♡[36]♡CAN'T LET YOU GO♡

306 45 7
                                    

Chanyeol bundan hoşlanmıyordu.

"Muhabir 614."

Baekhyun hep gülümseyerek dönüp, Daehyun'a onunla gelip ve röportajı boyunca ona yardım etmesini sorduğunda, bundan hoşlanmamıştı. Karşısına beraber çıktıklarında ve Daehyun Baekhyun'a tıpkı onun prensesi gibiymiş eşlik ettiğinde bundan hoşlanmamıştı.

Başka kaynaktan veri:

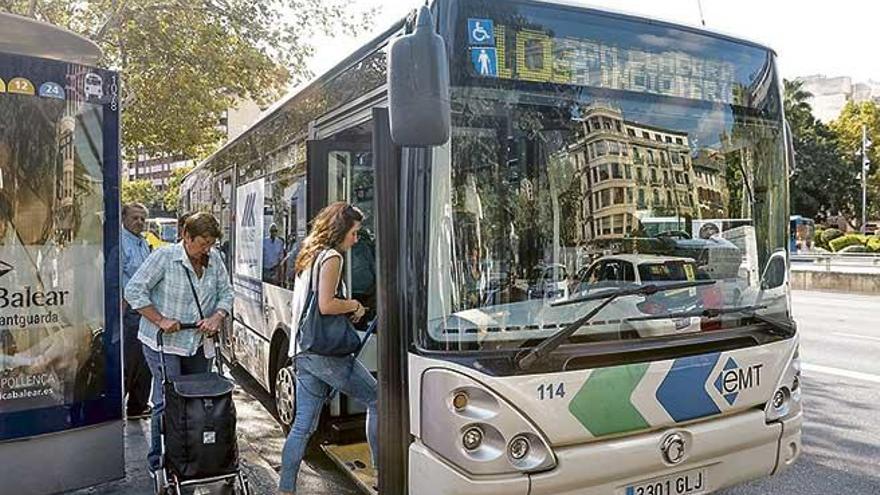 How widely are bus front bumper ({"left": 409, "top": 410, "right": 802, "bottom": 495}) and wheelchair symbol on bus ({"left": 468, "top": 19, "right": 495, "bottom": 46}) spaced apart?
191 cm

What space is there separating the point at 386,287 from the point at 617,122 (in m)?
1.42

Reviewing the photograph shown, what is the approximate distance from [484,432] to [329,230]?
1577 millimetres

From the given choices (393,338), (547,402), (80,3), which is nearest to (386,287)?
(393,338)

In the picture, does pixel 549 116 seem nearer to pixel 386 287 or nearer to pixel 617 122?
pixel 617 122

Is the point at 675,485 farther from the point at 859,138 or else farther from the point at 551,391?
the point at 859,138

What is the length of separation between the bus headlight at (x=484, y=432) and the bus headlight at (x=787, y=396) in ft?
4.88

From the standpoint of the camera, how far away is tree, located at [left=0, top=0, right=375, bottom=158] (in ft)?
41.0

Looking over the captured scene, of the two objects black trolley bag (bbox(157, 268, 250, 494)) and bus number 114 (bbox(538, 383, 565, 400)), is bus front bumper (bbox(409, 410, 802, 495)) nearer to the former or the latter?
bus number 114 (bbox(538, 383, 565, 400))

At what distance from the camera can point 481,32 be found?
3.45 m

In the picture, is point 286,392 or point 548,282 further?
point 286,392

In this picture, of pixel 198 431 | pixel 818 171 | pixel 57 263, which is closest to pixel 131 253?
pixel 57 263

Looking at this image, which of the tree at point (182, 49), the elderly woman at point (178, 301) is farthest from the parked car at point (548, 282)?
the tree at point (182, 49)

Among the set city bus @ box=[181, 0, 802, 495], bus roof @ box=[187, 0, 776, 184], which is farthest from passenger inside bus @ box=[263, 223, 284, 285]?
city bus @ box=[181, 0, 802, 495]

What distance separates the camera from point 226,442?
4426mm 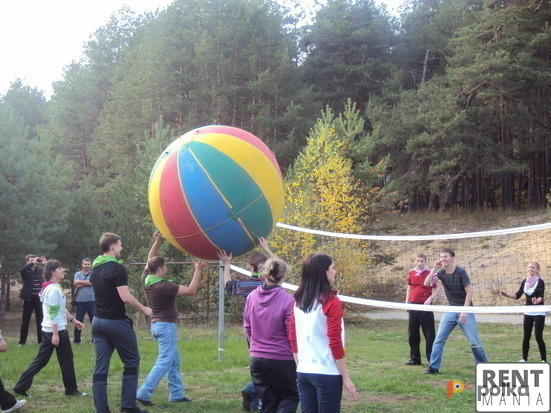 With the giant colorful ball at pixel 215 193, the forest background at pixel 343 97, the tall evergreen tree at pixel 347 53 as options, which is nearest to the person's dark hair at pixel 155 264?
the giant colorful ball at pixel 215 193

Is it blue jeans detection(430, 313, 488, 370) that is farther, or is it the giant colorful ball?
blue jeans detection(430, 313, 488, 370)

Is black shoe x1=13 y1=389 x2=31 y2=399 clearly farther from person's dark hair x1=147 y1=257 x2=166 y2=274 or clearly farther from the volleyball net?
the volleyball net

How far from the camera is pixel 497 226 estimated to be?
30641mm

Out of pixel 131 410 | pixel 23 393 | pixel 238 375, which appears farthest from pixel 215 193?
pixel 238 375

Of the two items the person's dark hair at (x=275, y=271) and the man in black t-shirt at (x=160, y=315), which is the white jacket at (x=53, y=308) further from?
the person's dark hair at (x=275, y=271)

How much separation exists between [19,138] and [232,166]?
15179 mm

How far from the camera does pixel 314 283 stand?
4.00 metres

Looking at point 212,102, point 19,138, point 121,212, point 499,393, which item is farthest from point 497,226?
point 499,393

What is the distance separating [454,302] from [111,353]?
4.48 metres

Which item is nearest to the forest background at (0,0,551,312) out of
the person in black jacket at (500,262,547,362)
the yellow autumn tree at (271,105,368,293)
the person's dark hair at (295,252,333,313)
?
the yellow autumn tree at (271,105,368,293)

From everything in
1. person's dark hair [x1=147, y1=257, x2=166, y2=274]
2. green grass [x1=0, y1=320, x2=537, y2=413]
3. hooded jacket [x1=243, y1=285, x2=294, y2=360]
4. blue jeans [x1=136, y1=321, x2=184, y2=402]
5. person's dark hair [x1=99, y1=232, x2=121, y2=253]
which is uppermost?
person's dark hair [x1=99, y1=232, x2=121, y2=253]

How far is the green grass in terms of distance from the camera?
6.50 meters

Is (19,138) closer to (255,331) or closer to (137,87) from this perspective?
(137,87)

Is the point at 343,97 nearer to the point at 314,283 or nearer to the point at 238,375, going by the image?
the point at 238,375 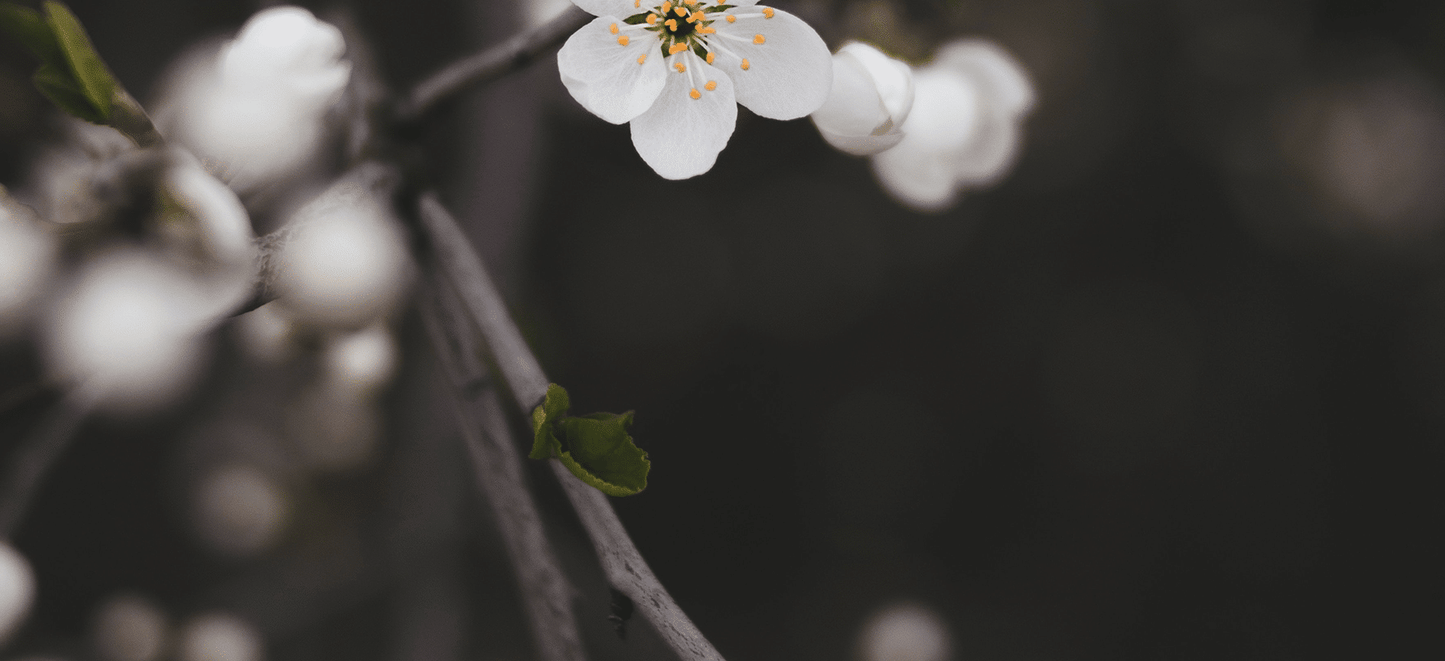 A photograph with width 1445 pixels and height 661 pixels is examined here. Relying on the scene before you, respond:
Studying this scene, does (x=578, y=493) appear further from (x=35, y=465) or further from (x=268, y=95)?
(x=35, y=465)

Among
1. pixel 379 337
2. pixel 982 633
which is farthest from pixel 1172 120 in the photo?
pixel 379 337

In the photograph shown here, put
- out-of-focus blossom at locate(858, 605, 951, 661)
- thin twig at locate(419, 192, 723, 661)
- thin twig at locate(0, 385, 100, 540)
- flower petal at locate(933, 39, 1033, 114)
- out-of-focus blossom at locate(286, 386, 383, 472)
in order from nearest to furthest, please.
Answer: thin twig at locate(419, 192, 723, 661)
thin twig at locate(0, 385, 100, 540)
flower petal at locate(933, 39, 1033, 114)
out-of-focus blossom at locate(286, 386, 383, 472)
out-of-focus blossom at locate(858, 605, 951, 661)

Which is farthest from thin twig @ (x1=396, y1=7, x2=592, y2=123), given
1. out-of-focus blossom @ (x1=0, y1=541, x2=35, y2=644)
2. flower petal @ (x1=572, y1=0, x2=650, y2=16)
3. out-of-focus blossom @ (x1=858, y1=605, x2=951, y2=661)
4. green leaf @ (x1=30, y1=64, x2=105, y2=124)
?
out-of-focus blossom @ (x1=858, y1=605, x2=951, y2=661)

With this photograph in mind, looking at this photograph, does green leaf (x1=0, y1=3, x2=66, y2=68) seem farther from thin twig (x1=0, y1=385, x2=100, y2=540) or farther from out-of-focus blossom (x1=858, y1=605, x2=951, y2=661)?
out-of-focus blossom (x1=858, y1=605, x2=951, y2=661)

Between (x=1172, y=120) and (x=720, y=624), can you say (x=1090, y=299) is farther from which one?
(x=720, y=624)

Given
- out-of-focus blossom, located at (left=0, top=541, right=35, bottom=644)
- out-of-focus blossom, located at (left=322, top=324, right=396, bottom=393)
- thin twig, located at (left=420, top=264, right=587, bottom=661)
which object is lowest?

Kahretsin o BENİM prensesim.

İki kişi birbirlerinin gözlerine neredeyse sevgiyle baktıklarında bundan hoşlanmamıştı, çünkü Daehyun konuşmaya ve açıklama yapmadan önce yüzü sevinçle parladı.

Baekhyun bazen, Daehyun ana terimleri unuttuğu zaman ona gülümsemesinden hoşlanmıyordu.

Dürüst olması gerekirse onlar hakkındaki her şeyden nefret ediyorduㅡikisini içeren herhangi bir şeyden.

Ve ne kadar zamandır gözlerini devirdiğini ve ne kadar süredir onlara, özellikle de Daehyun'a zehirli ve sert bakışlar atttığını saymaya zahmet etmedi.

Aniden avuç içinde bir sıcaklık hissettiğinde Daehyun ve Baekhyun'un birlikte ne kadar aptal göründüklerine dair düşüncelerini düzenlemekle meşgüldü.

Chanyeol yanına baktı ve gözleri sevinçle parlayan yazarı gördüğünde gözleri biraz genişledi.

Rahatsızlıkla inildedi, Chanyeol sevimli olandan elini kurtarmayı denedi ama diğeri kıpırdamadı.

"Seohyunㅡ"

"Shhh." Kız hoş bir şekilde gülümsedi.

Chanyeol'ün yüzüne doğru eğildi,

"Bak,"

Dudaklarını öndeki adamlara, özellikle de Chanyeol ve Seohyun'un yönünü Romeo ve Juliet hakkında konuşmaya devam eden mochi-yanaklı çocuğa işaret etmek için durdurdu.

"Bize bakıyor ve eğer yeterince aptal değilsen, birinin bizi izlediğini söyleyebilirsin...kıskanç gibi bir şey."

Seohyun açıkça, Baekhyun'u Chanyeol'e işaret ederken sersem sersem kıkırdadı

"Gözleri konuşuyor!" Ekledi ve böylece Chanyeol'un kaşları havalandı.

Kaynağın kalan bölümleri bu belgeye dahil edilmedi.